------ Material supplied ------

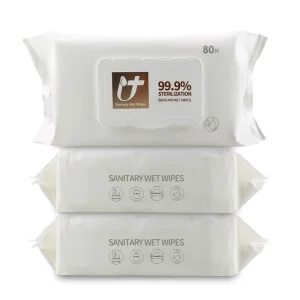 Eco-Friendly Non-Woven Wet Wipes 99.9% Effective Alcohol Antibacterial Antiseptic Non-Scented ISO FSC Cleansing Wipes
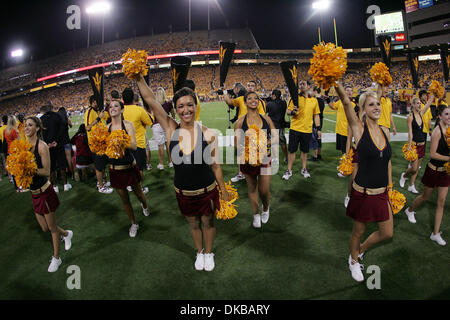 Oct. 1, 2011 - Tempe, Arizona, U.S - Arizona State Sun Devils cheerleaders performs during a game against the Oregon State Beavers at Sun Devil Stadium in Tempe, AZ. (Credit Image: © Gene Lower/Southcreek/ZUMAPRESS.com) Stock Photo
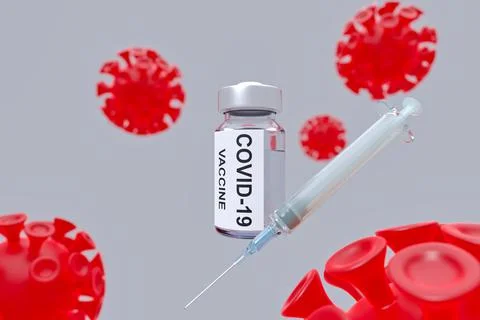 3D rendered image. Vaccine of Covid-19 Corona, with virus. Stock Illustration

------
------ Material supplied ------

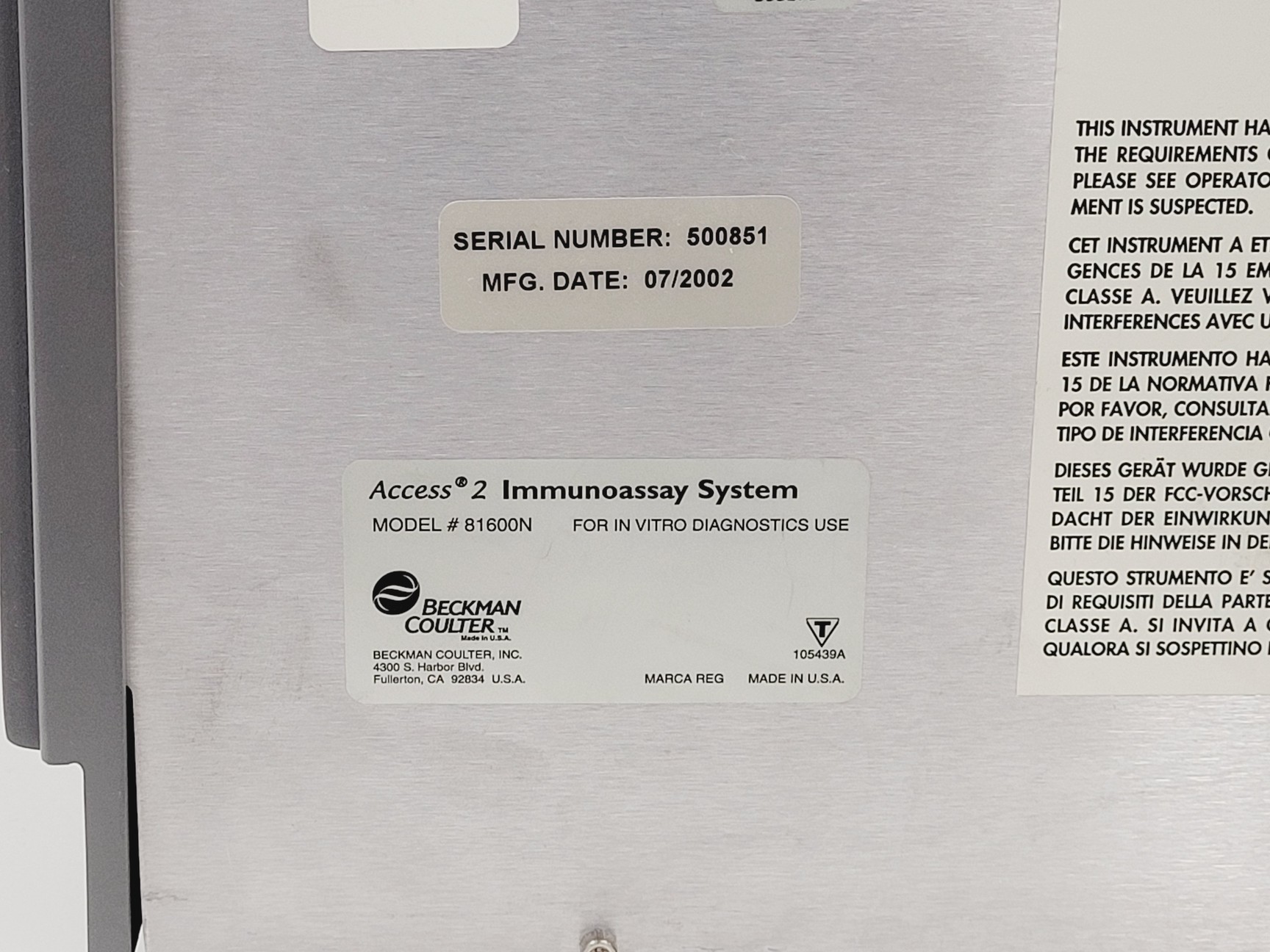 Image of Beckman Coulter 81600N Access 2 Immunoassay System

------

Work instructions | Starting at the line containing "Oct. 1, 2011" and stopping at the line containing "3D rendered image.", output every line above exactly, both ends included, with pictures omitted.

Problem solution |
 Oct. 1, 2011 - Tempe, Arizona, U.S - Arizona State Sun Devils cheerleaders performs during a game against the Oregon State Beavers at Sun Devil Stadium in Tempe, AZ. (Credit Image: © Gene Lower/Southcreek/ZUMAPRESS.com) Stock Photo
 3D rendered image. Vaccine of Covid-19 Corona, with virus. Stock Illustration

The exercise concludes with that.